> SUPPLIED INFORMATION:
>>>
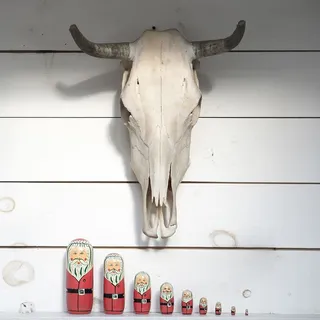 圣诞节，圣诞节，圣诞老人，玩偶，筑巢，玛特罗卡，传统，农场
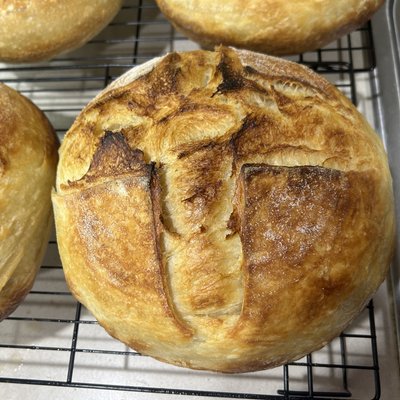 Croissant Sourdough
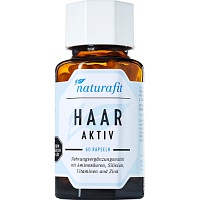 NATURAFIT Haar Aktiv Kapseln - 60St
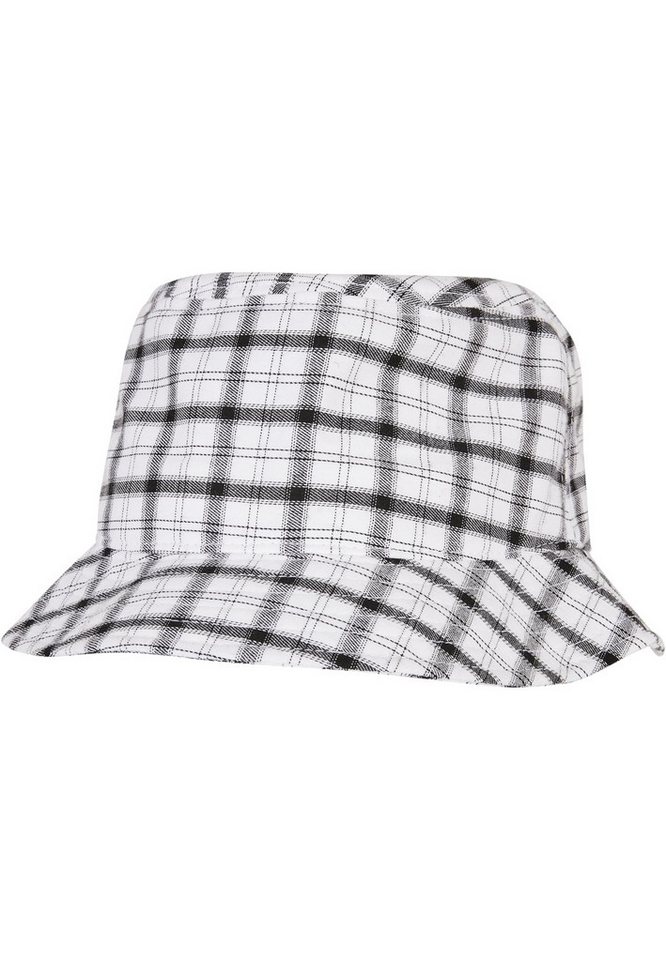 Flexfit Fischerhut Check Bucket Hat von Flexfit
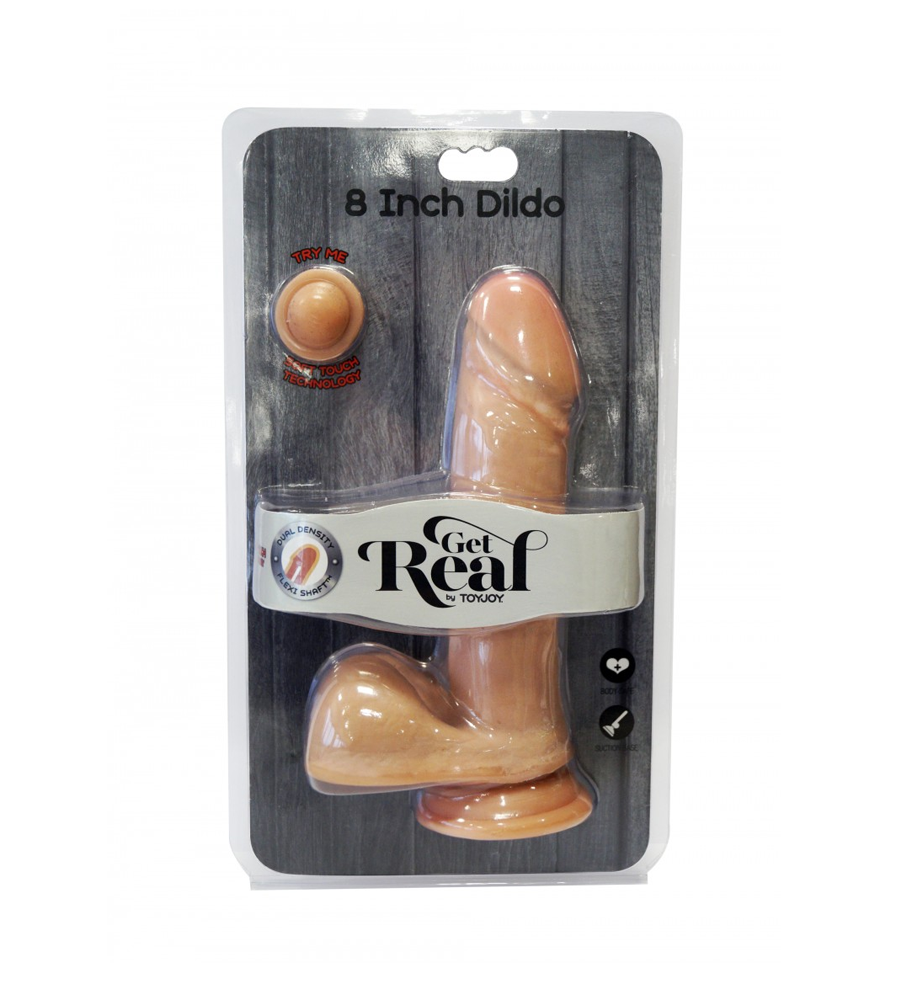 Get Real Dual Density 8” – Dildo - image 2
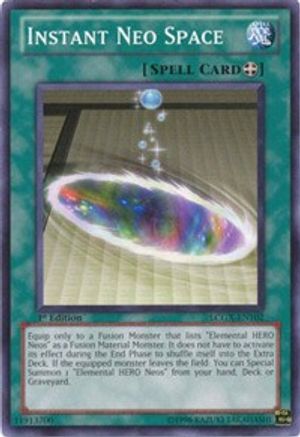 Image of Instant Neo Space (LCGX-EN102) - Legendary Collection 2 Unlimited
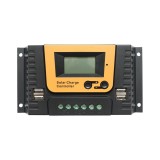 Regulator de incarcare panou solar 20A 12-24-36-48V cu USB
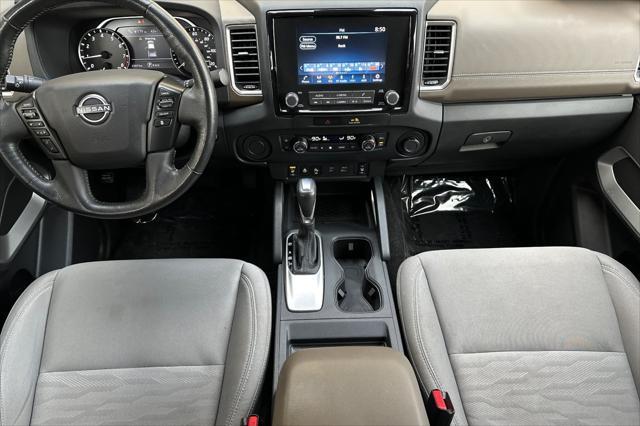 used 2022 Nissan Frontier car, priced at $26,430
<<<
>>>
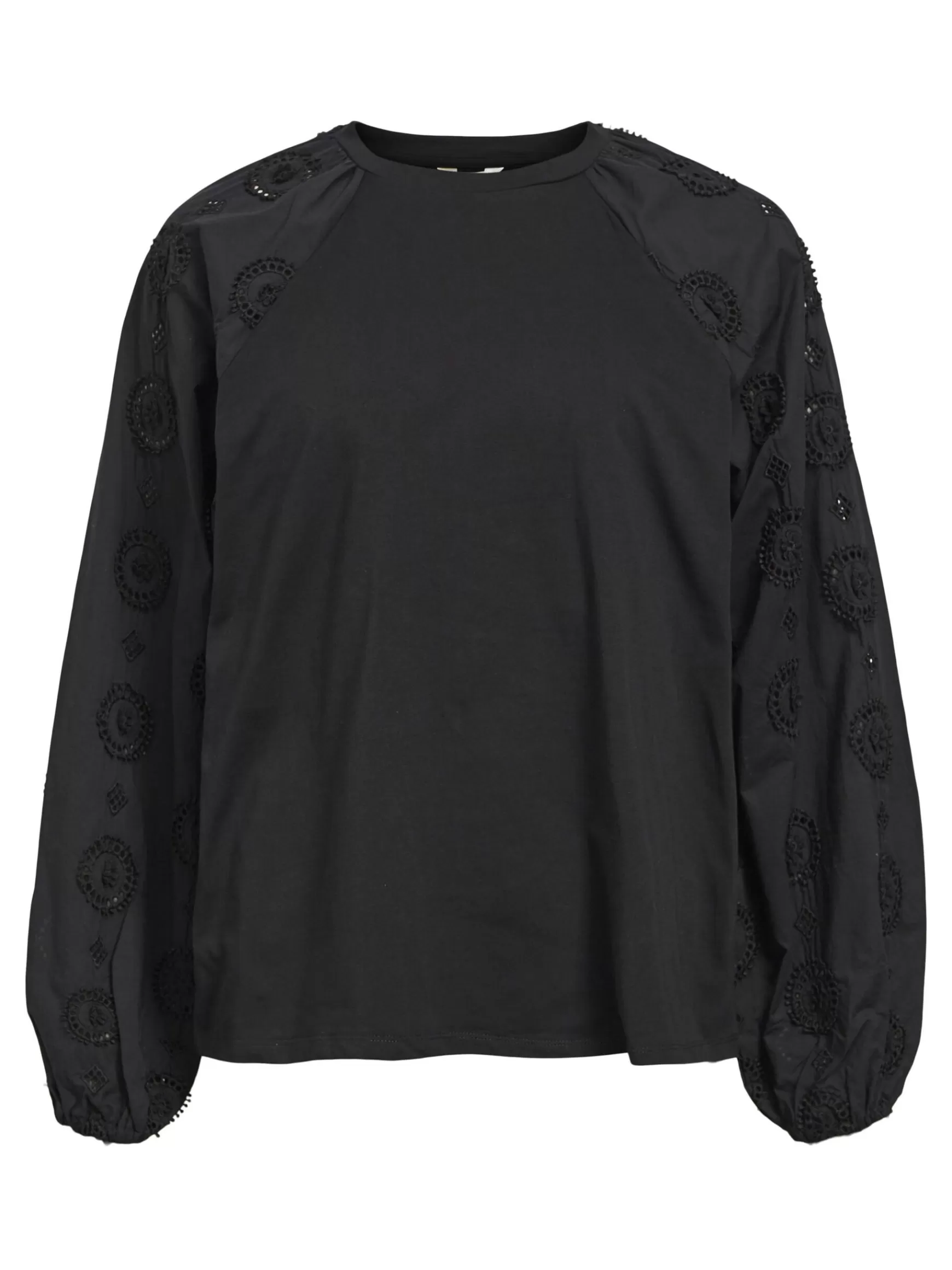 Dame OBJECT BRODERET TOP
<<<
> PROBLEM DESCRIPTION: Would you output only the span of the records above that opens with the line containing "圣诞节，圣诞节，圣诞老人，玩偶，筑巢，玛特罗卡，传统，农场" and closes with the line containing "used 2022 Nissan", ends included and pictures dropped?

> TASK ANSWER:
 圣诞节，圣诞节，圣诞老人，玩偶，筑巢，玛特罗卡，传统，农场
 Croissant Sourdough
 NATURAFIT Haar Aktiv Kapseln - 60St
 Flexfit Fischerhut Check Bucket Hat von Flexfit
 Get Real Dual Density 8” – Dildo - image 2
 Image of Instant Neo Space (LCGX-EN102) - Legendary Collection 2 Unlimited
 Regulator de incarcare panou solar 20A 12-24-36-48V cu USB
 used 2022 Nissan Frontier car, priced at $26,430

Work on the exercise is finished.